***** ENTRIES PROVIDED *****

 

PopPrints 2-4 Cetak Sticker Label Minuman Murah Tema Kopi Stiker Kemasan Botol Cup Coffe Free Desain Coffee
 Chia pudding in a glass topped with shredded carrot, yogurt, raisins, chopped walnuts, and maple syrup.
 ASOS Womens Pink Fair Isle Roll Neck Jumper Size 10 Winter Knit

*****
***** ENTRIES PROVIDED *****

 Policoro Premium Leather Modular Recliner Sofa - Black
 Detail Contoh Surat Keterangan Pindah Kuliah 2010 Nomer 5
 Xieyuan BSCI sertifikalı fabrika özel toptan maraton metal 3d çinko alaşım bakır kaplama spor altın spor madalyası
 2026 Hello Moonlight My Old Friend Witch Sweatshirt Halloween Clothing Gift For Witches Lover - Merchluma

*****

EXERCISE INSTRUCTIONS:
Beginning with the line containing "Policoro Premium Leather" and ending with the line containing "2026 Hello Moonlight", extract those lines exactly from the listing above, and only those.

ANSWER FOR THE TASK:
 Policoro Premium Leather Modular Recliner Sofa - Black
 Detail Contoh Surat Keterangan Pindah Kuliah 2010 Nomer 5
 Xieyuan BSCI sertifikalı fabrika özel toptan maraton metal 3d çinko alaşım bakır kaplama spor altın spor madalyası
 2026 Hello Moonlight My Old Friend Witch Sweatshirt Halloween Clothing Gift For Witches Lover - Merchluma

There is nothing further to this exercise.